Eso sí, aunque estas aplicaciones simplifican mucho la experiencia, el grado de control remoto que ofrecen suele ser menor que el de los teléfonos específicamente diseñados para este fin. Por ello, muchas familias optan por combinarlas con otras herramientas de localización o seguridad, obteniendo un conjunto de funciones que se aproxima bastante al de los móviles para mayores de nueva generación.

Herramientas de seguridad, localización y detección de caídas

Para quienes desean ir un paso más allá en el seguimiento del estado de salud y la seguridad de sus familiares mayores, existen aplicaciones centradas en la localización y en la gestión de emergencias.

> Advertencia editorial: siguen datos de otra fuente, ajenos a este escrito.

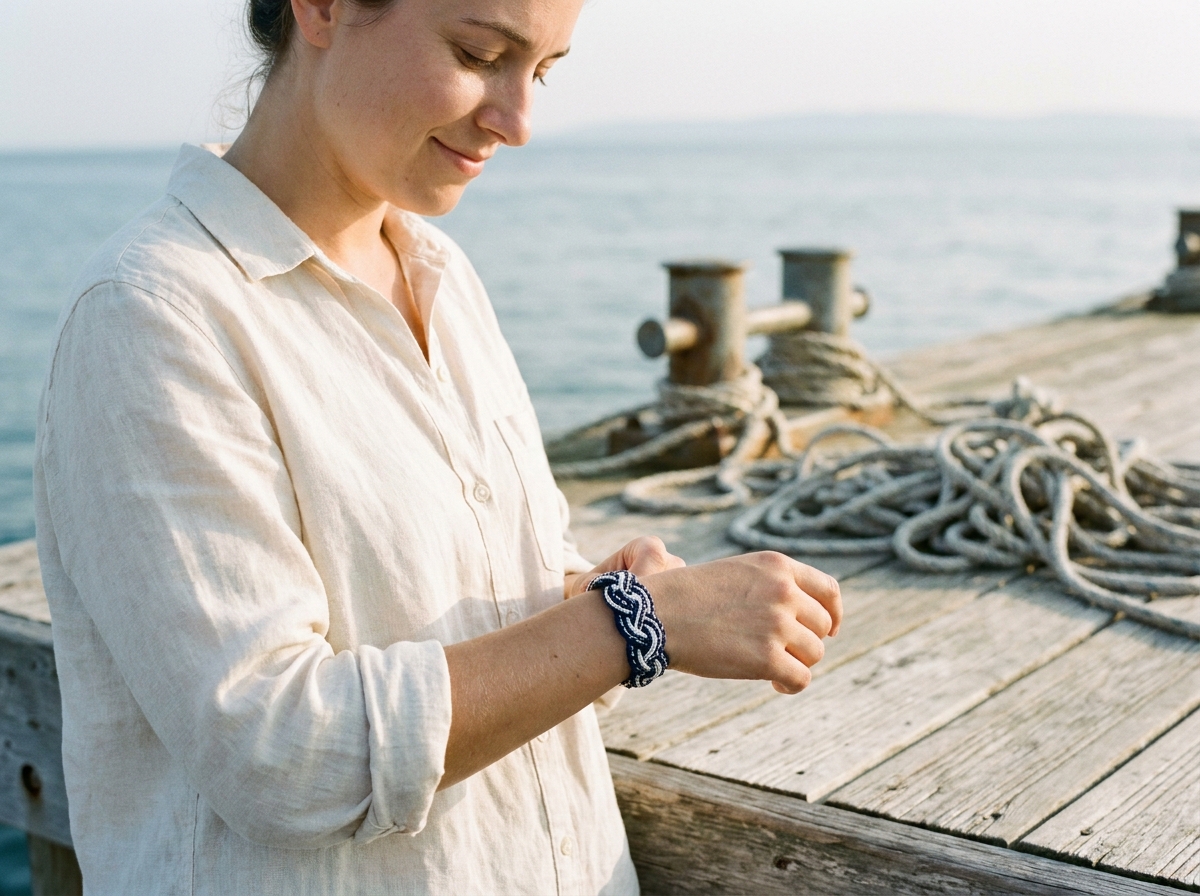 Jeune femme portant un bracelet marin en corde tressée sur un ponton en bois au bord de la mer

Estas herramientas pueden instalarse tanto en smartphones adaptados como en móviles convencionales, y su objetivo principal es facilitar una respuesta rápida ante cualquier incidente.

Plataformas como Life360 utilizan el GPS del teléfono para mostrar en un mapa la ubicación exacta de cada miembro del grupo familiar. De este modo, si una persona mayor tarda más de lo habitual en llegar a casa o se desvía de su ruta, la familia puede comprobar rápidamente dónde se encuentra. La información se actualiza en tiempo real, lo que permite reaccionar sin perder tiempo en llamadas sucesivas.

Otras apps, como Confidant, se centran en la comunicación directa mediante videollamadas automáticas, que se pueden activar cuando se detecta una situación anómala. En paralelo, herramientas como Fall Safety Pro están pensadas para detectar caídas; si el sistema interpreta que el usuario ha sufrido un golpe fuerte o un movimiento brusco seguido de inactividad, envía un SMS a un contacto predeterminado y activa la localización del dispositivo.

En algunos casos, estas aplicaciones se integran también con smartwatches y otros dispositivos de muñeca, lo que amplía las posibilidades de monitorización. De esta manera, incluso si la persona no lleva encima el teléfono en un momento concreto, el sistema puede seguir registrando actividad y detectar posibles problemas. Cuando se combina esta tecnología con los teléfonos para mayores controlados a distancia, el resultado es un ecosistema bastante completo de cuidado digital.

Otro tipo de apps, como RescataME, permiten enviar avisos de emergencia con un solo toque. Estas soluciones están pensadas para situaciones en las que el usuario puede reaccionar, pero necesita ayuda inmediata, ya sea médica, policial o familiar. La sencillez de uso es clave: cuantas menos pulsaciones sean necesarias, más efectivo resulta el sistema en un momento de nervios o desorientación.

Todo este abanico de opciones —desde teléfonos como Maximiliana o los modelos de SPC hasta lanzadores simplificados y apps de localización— muestra cómo la tecnología se está adaptando a las necesidades de las personas mayores sin renunciar a las ventajas de un smartphone moderno. Al combinar interfaces claras, control remoto por parte de la familia, funciones de emergencia y herramientas de geolocalización, estos nuevos teléfonos para mayores ofrecen un equilibrio entre autonomía, seguridad y tranquilidad que hace pocos años resultaba difícil de imaginar.